サイト改善の仕組み自体を、改善したかった。

——まず、Kaizen Platformのビジネスモデルについてご紹介いただけますか。

ひと言で言うと、WebサイトのUIの改善を行うプラットフォームビジネスです。僕はもともとリクルートのマーケティング部門にいたのですが、マーケティングの世界には「不都合な真実」とでも言うべき問題がありました。つまり、サイトが成長するにつれ顧客獲得のコストは上がり、効率の悪いキーワードや広告商品を買わなければ効果を上げられなくなってしまう。そこで、CVRを上げるためにUIの改善が必要なんです。UIは実店舗で言えば店頭のような役割なのに、世の中には改善されていないサイトがとても多いんですよね。実際の店舗だったら、お客さんの反応を見ながら毎日改善されるのに。

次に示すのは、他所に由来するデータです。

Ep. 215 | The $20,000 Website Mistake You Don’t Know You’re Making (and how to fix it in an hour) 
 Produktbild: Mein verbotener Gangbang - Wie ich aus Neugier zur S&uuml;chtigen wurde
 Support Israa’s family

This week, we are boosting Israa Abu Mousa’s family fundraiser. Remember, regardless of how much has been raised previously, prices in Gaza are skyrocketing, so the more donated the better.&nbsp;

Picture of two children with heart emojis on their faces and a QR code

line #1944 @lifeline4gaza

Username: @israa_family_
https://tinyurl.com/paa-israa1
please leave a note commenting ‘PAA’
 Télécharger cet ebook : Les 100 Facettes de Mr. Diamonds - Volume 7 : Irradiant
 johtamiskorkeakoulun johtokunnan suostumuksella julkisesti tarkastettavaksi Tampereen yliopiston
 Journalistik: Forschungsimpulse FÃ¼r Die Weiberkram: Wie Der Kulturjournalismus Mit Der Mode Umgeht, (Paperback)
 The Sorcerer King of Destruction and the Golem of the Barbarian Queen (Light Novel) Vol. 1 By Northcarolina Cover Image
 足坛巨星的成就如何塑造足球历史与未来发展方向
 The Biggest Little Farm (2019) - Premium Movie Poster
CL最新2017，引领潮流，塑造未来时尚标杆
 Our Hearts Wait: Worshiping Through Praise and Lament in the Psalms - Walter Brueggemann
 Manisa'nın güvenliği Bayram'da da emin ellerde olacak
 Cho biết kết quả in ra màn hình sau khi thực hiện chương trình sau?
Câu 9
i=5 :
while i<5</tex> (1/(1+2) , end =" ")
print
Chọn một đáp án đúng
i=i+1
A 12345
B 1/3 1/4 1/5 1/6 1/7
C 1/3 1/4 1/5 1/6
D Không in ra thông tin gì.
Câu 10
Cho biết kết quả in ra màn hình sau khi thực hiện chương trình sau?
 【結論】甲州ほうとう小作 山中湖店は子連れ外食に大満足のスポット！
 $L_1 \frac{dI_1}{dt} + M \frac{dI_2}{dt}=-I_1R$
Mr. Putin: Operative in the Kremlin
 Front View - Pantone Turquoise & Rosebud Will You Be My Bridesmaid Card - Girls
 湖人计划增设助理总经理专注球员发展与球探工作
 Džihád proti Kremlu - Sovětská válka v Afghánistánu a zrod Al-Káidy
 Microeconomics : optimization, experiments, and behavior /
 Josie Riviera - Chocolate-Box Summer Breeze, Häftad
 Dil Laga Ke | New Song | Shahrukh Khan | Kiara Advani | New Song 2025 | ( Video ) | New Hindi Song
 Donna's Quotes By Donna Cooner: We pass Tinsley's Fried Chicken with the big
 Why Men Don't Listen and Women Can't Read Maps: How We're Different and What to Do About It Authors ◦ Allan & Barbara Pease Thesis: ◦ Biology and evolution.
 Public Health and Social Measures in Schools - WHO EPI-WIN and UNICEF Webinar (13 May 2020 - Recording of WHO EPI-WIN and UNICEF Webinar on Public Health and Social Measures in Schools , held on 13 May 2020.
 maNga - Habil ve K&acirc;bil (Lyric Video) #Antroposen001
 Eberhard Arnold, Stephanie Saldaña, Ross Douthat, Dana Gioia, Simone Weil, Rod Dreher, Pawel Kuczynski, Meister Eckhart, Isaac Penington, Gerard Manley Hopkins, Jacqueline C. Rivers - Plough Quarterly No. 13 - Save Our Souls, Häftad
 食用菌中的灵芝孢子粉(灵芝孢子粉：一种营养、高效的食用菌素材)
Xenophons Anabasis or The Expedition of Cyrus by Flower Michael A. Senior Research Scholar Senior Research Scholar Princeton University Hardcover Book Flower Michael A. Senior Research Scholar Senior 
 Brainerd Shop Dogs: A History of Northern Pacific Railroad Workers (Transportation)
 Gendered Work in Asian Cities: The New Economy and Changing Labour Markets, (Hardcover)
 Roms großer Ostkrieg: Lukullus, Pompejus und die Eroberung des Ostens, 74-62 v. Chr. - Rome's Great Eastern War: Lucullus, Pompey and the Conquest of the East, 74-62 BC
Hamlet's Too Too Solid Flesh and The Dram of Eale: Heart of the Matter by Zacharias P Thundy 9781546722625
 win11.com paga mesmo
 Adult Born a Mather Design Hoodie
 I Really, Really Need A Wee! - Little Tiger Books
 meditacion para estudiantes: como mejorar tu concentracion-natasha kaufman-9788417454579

——たしかに。実際に、その「改善」はどのような方法で行うのでしょうか。

グロースハッカーによるUIの提案とA/Bテストです。Kaizen Platformには約5000人のグロースハッカーと呼ばれる外部のクリエイターがおり、プラットフォーム上でデザインやコピーなどの提案を行います。そんなグロースハッカーたちは、UI改善のプロフェッショナルではあるのですが、お客さまの商品やサービスのことは知らない。ですが、それが改善には必要だと思っています。見慣れている人がつくるとユーザー視点が薄れてしまいますし、極端な話、商品を初めて見た人の意見の方が鋭いということも往々にしてありますよね。みんな自分たちの商品を良くしようと思って頑張っていても、結果としてユーザー視点から離れてしまう。その仕組み自体も改善したかったんです。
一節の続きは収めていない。